(Task): Quote every line below exactly and skip any picture.

(Information supplied):
==========
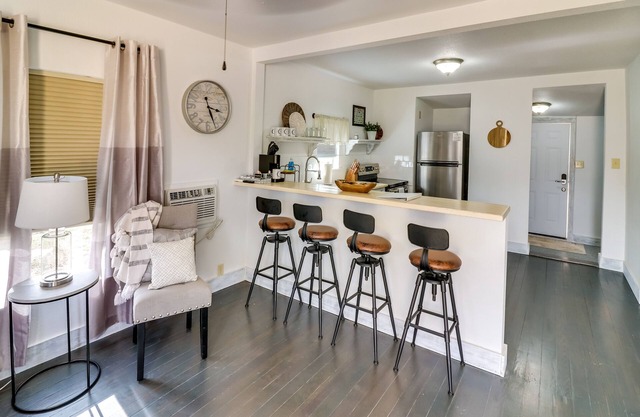Cozy Ballinger Vacation Rental w/Deck & Grill!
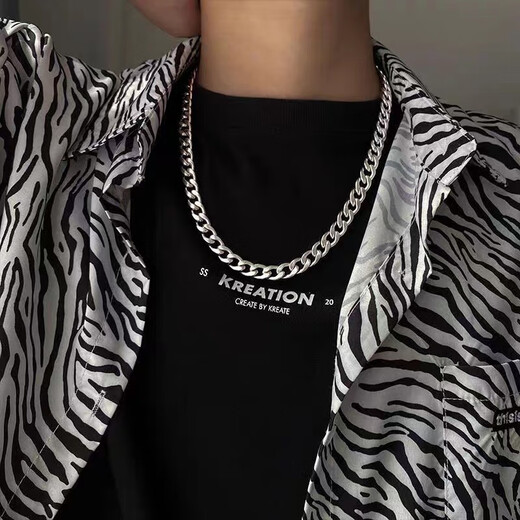 Pei Nanwei Cuban chain necklace men's trendy hiphop high street titanium steel non-fading thick iron chain European and American hip hop free chain titanium steel Cuban necklace 60cm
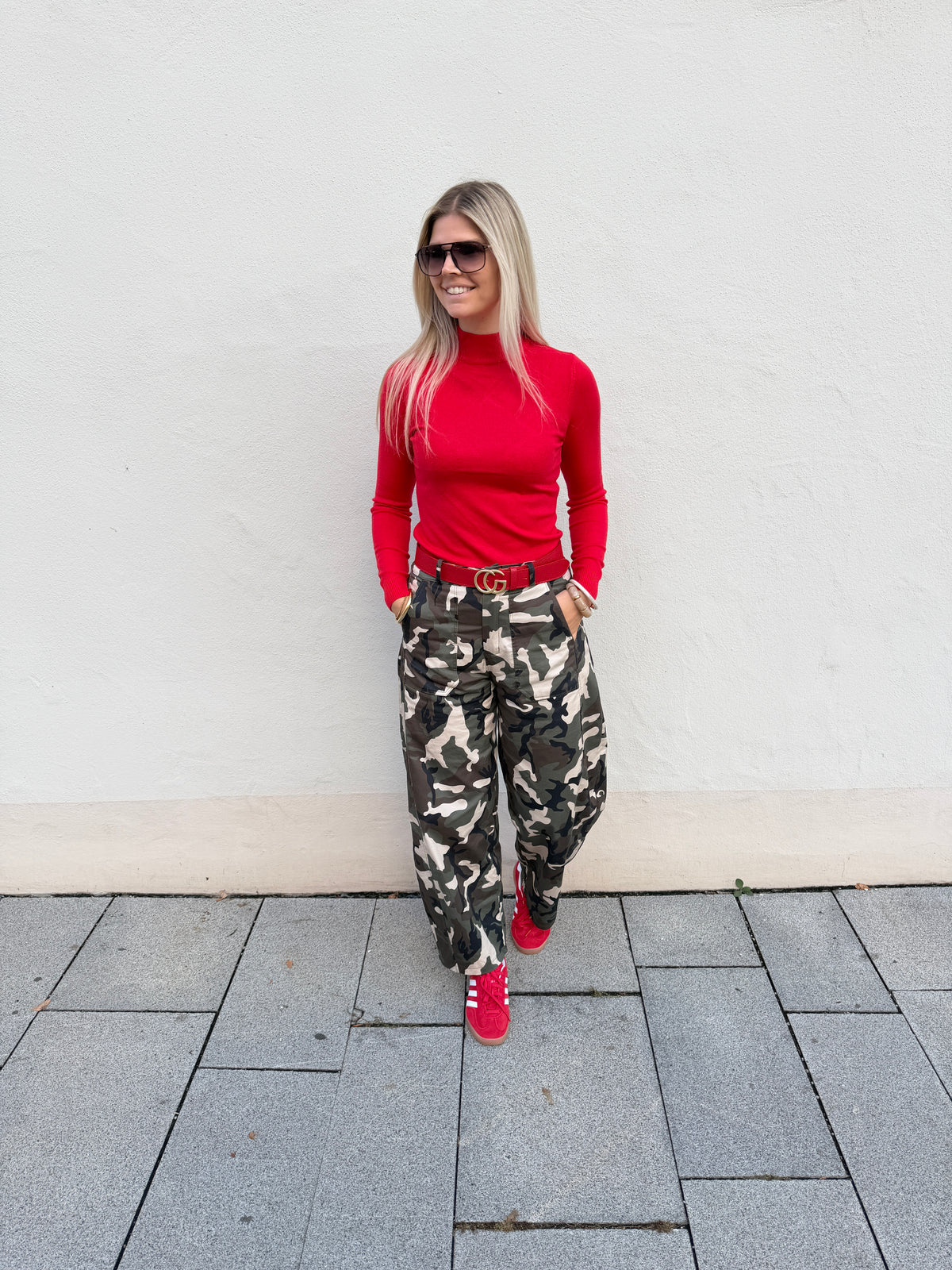 Pullover in Rot mit kleinen Stehkragen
==========
(Answer area):
Cozy Ballinger Vacation Rental w/Deck & Grill!
 Pei Nanwei Cuban chain necklace men's trendy hiphop high street titanium steel non-fading thick iron chain European and American hip hop free chain titanium steel Cuban necklace 60cm
 Pullover in Rot mit kleinen Stehkragen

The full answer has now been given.